(RECORDS TO USE Opens)

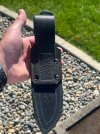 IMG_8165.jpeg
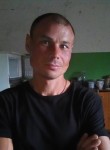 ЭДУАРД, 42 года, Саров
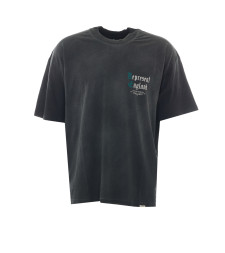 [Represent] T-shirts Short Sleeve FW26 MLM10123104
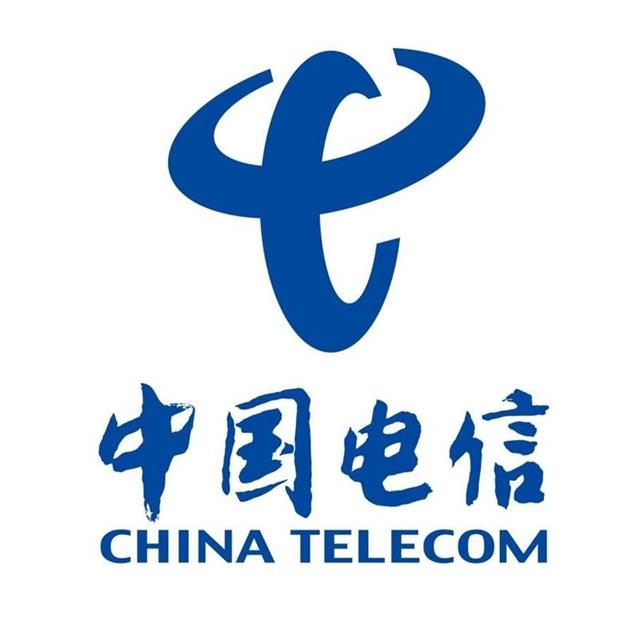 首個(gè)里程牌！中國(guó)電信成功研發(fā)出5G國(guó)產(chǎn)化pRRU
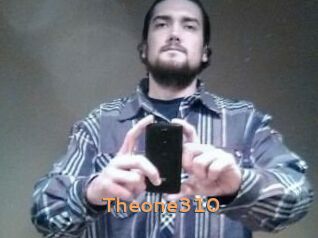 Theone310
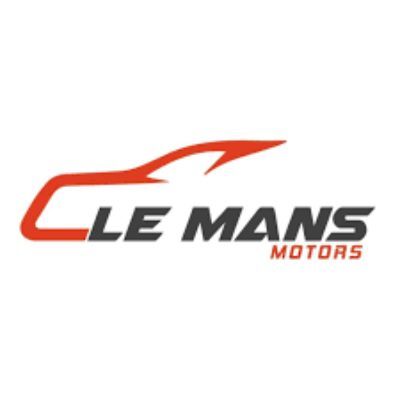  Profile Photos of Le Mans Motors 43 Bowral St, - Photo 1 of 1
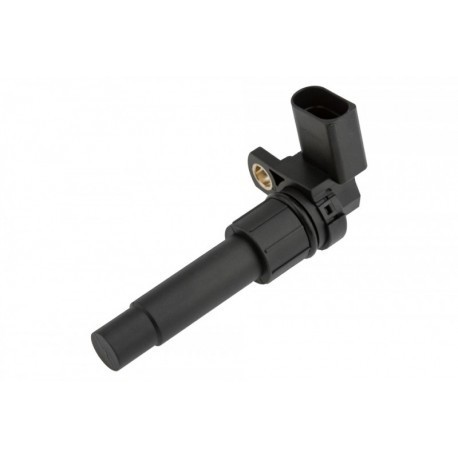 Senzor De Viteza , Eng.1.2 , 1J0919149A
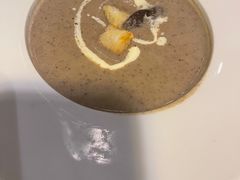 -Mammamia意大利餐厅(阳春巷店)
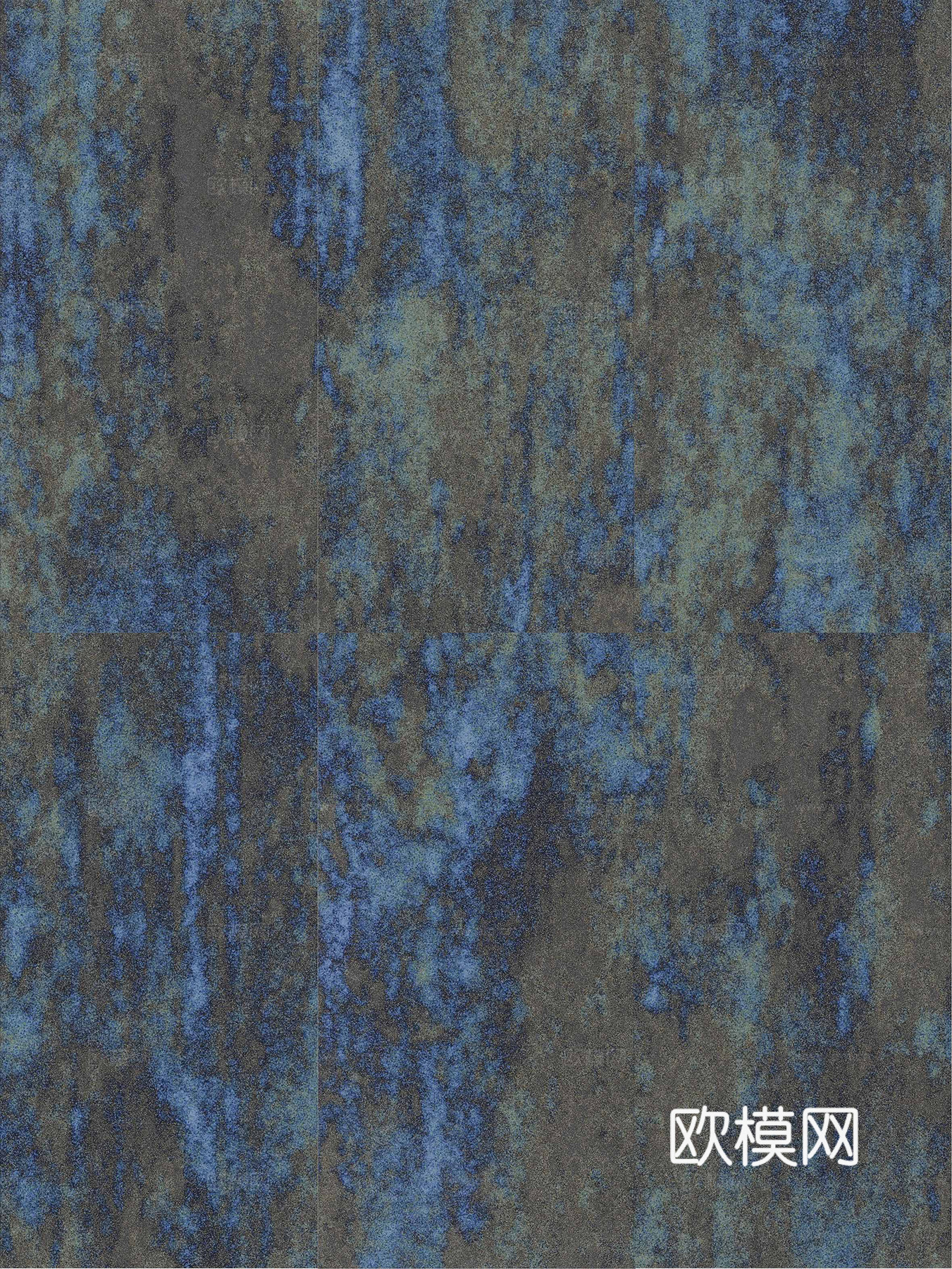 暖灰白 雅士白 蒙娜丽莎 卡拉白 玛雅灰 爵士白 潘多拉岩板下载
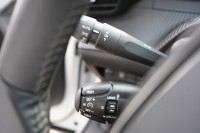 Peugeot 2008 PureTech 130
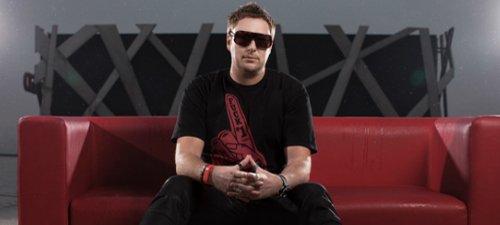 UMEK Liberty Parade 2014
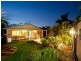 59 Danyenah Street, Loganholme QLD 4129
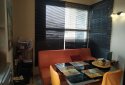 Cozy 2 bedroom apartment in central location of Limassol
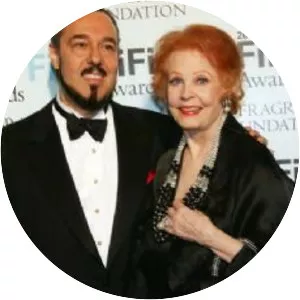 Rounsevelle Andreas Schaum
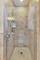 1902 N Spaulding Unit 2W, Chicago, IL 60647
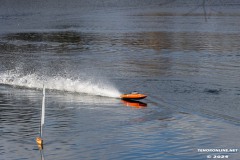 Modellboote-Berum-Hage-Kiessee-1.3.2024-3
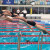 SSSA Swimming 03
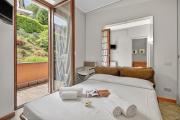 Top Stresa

(RECORDS TO USE Closes)
(RECORDS TO USE Opens)

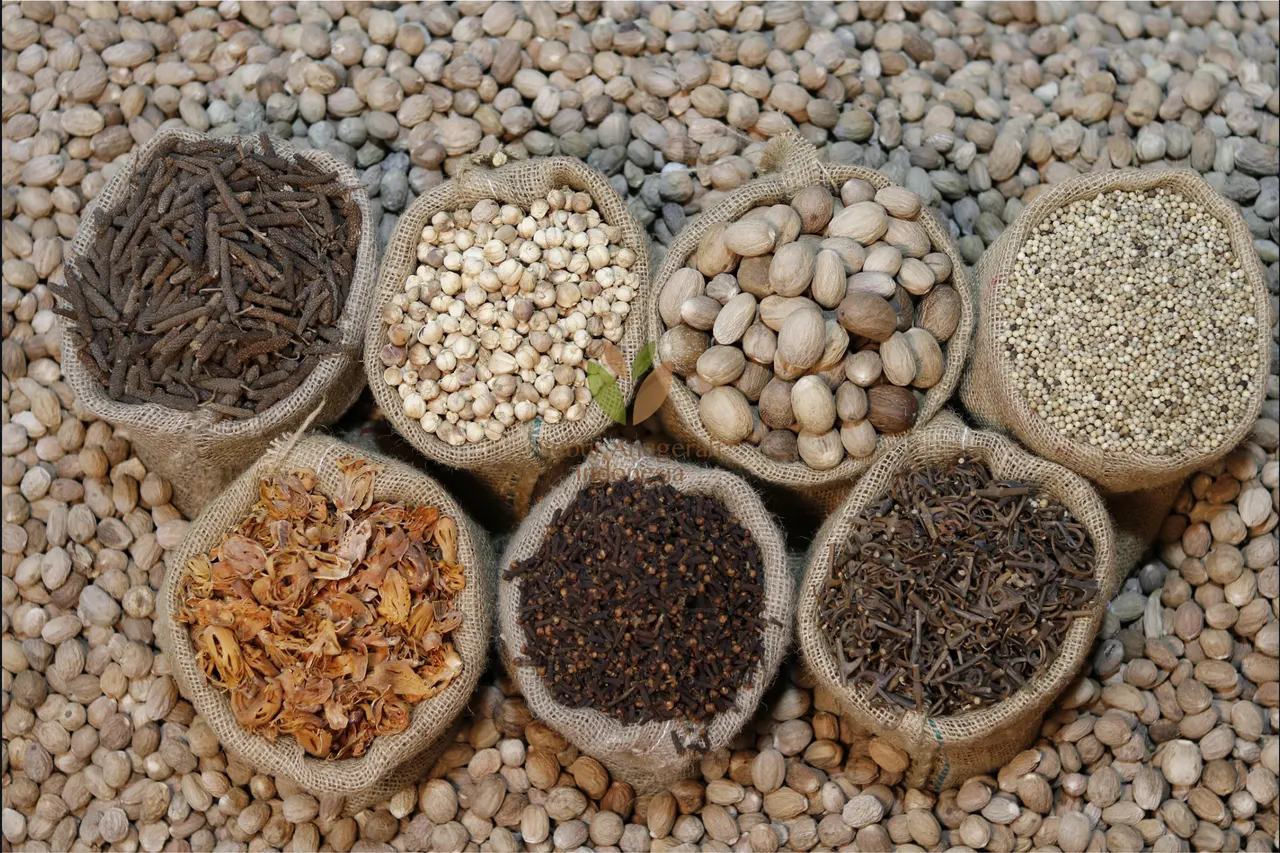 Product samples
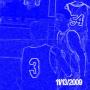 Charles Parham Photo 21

(RECORDS TO USE Closes)

TASK BRIEF: Write out exactly the lines above between the one with "IMG_8165.jpeg" and the one with "Rounsevelle Andreas Schaum", inclusive, with pictures left out.

RESULT OF THIS EXERCISE:
 IMG_8165.jpeg
 ЭДУАРД, 42 года, Саров
 [Represent] T-shirts Short Sleeve FW26 MLM10123104
 首個(gè)里程牌！中國(guó)電信成功研發(fā)出5G國(guó)產(chǎn)化pRRU
 Theone310
  Profile Photos of Le Mans Motors 43 Bowral St, - Photo 1 of 1
 Senzor De Viteza , Eng.1.2 , 1J0919149A
 -Mammamia意大利餐厅(阳春巷店)
 暖灰白 雅士白 蒙娜丽莎 卡拉白 玛雅灰 爵士白 潘多拉岩板下载
 Peugeot 2008 PureTech 130
 UMEK Liberty Parade 2014
 59 Danyenah Street, Loganholme QLD 4129
 Cozy 2 bedroom apartment in central location of Limassol
 Rounsevelle Andreas Schaum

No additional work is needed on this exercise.